How we migrated to serverless in a weekend?
One of the crucial elements in Daily’s architecture is the post ingestion pipeline. The pipeline has to subscribe to various RSS and HTML feeds for new posts, crawl the post to fetch metadata information (image link, publish time, author and such) and lastly download, process and upload to CDN the post image. Everything of course runs in real-time in order to provide the newest articles the moment they are published.
Until recently this architecture was powered by an Akka Stream cluster running on preemptible machines to reduce cloud cost. The Akka cluster was in-charge of everything from discovering to sending the articles to central application server to store in the database.
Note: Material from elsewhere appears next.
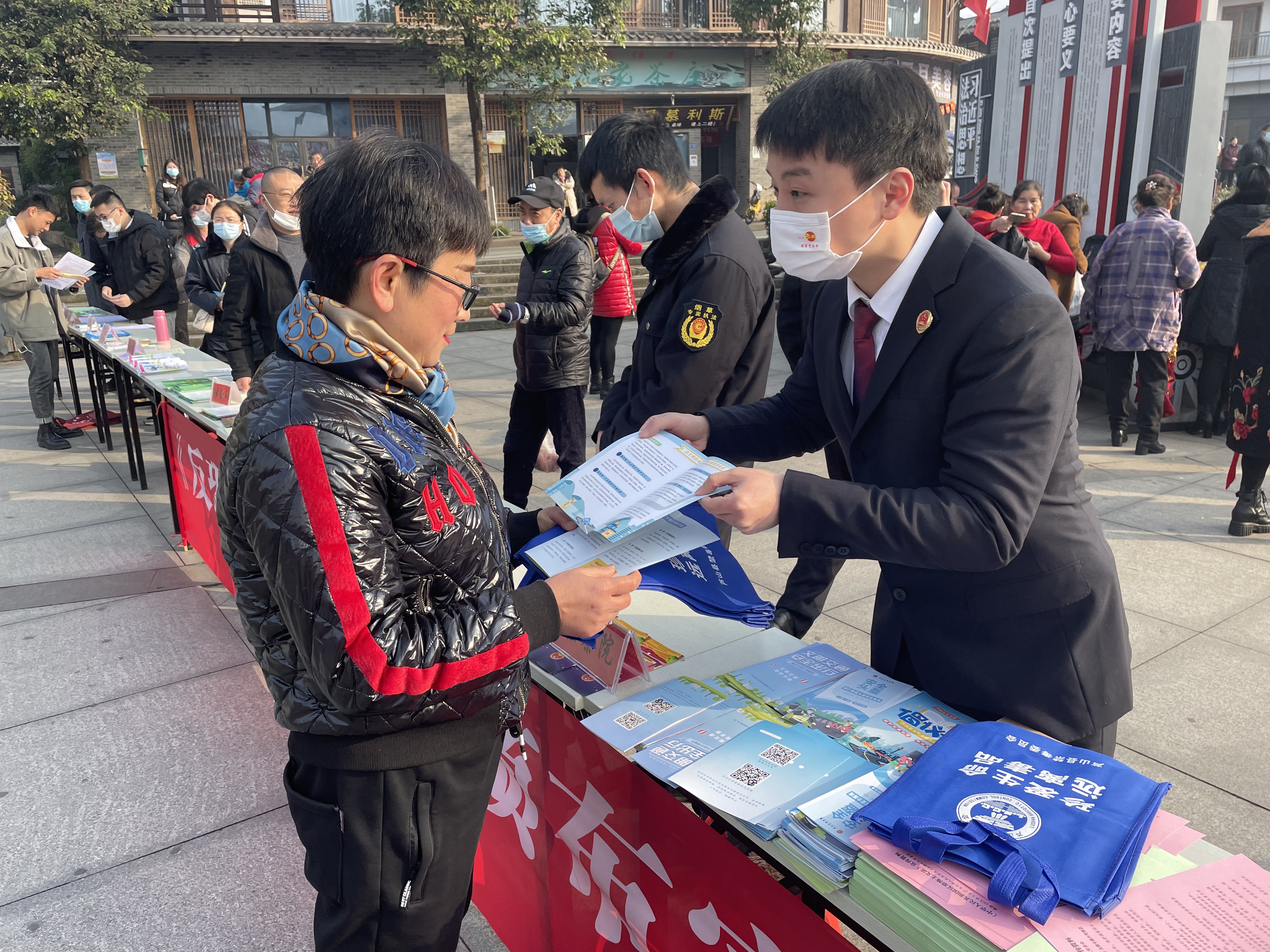 弘扬宪法精神 捍卫宪法权威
For those of you who don’t know Akka, it is a powerful JVM framework for concurrent applications and Akka Stream specifically let you build a data processing pipelines in a stream manner. I love to use it but I felt that this time it was an overkill because Akka is a stateful application which brings a lot of DevOps challenges compared to stateless applications. When it comes to scalability, you have to make sure that the cluster nodes can discover each other, monitoring is much harder and more.
This situation was a call for simplicity, I decided to refactor everything but this time I have to separate concerns, build stateless workers and monitor everything so I can sleep tight.
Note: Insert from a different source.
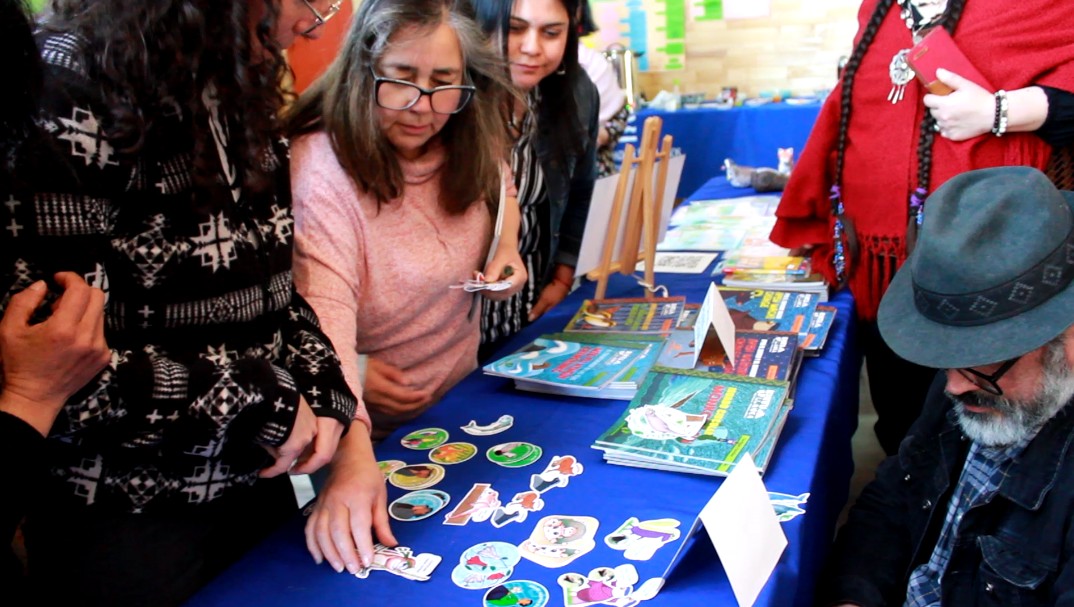 Feria de materiales didácticos para la enseñanza del willichedungun tuvo lugar en la sede Chiloé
First thing first, let’s separate concerns which is pretty easy for our use case:
- Post discovery — Subscribe to RSS or other feeds and look for new posts.
- Post enrichment — Enrich the basic information received from the feed with much richer information such as author, keywords, image and more.
- Image processing — Download the post image, scale it to relevant size, create a placeholder and upload everything to CDN
Stateless & Decoupling
Second, I want that the different workers will be stateless and decoupled from each other. Each worker has a single task to complete and nothing more.
Enter Cloud Pub/Sub, I decided to use Cloud Pub/Sub to deliver messages between the workers as it is a managed message queue provided by Google Cloud. Obviously, scalability is not an issue with a managed service and also the workers don’t have to know anyone besides the Pub/Sub which is in-charge of providing the next task and also to receive the result (which is other worker task). Each worker simply add more information to the post until it is ready and the central application server adds it to the database.
Make It Happen
Let’s get the ** done and built it already! At the time, Google Cloud Functions support for nodejs 6 was in Beta which in Google standards this is mostly like GA so I decided to give it a go as it requires me to build everything stateless and it auto scales the workers based on Cloud Pub/Sub load.
For the post discovery, I found a service called Superfeedr which does exactly this, all I need is to build a HTTP webhook which is notified by Superfeedr and sends a message to Pub/Sub.
It took me only one weekend to write and deploy everything. I ended up with three projects with approximately 100 lines of code each including Cloud Function boilerplate code. The system now is very flexible as I can deploy each function separately, manage its own dependency, Pub/Sub makes everything fault tolerant and more.
One significant drawback I currently experience with Cloud Functions is that there is no deployment strategy (blue/green, rolling update, etc…) but for my use case it is not as important as the other benefits.
To sleep tight at night I must set appropriate monitoring and alerting so I can be sure everything is working fine and our users receive the latest news in real-time.
I use Stackdriver as my monitoring platform. I added Stackdriver Trace to the Cloud Functions to make sure I can see the errors in a central dashboard and set alerting rules. In addition, I set alerting based on the ratio of unacknowledged messages in Pub/Sub meaning one of my services doesn’t work and need a special care. Lastly, I defined custom logging metrics to track down errors more easily.
Now when something bad happen I get notified in Slack immediately and I can fix it as soon as possible.This is our migration story which was pretty quick I think, most of it was done in one weekend. The monitoring was added later and of course bug fixes were done along the way. The final result is a resilient and elastic system which delivers real-time posts to Daily.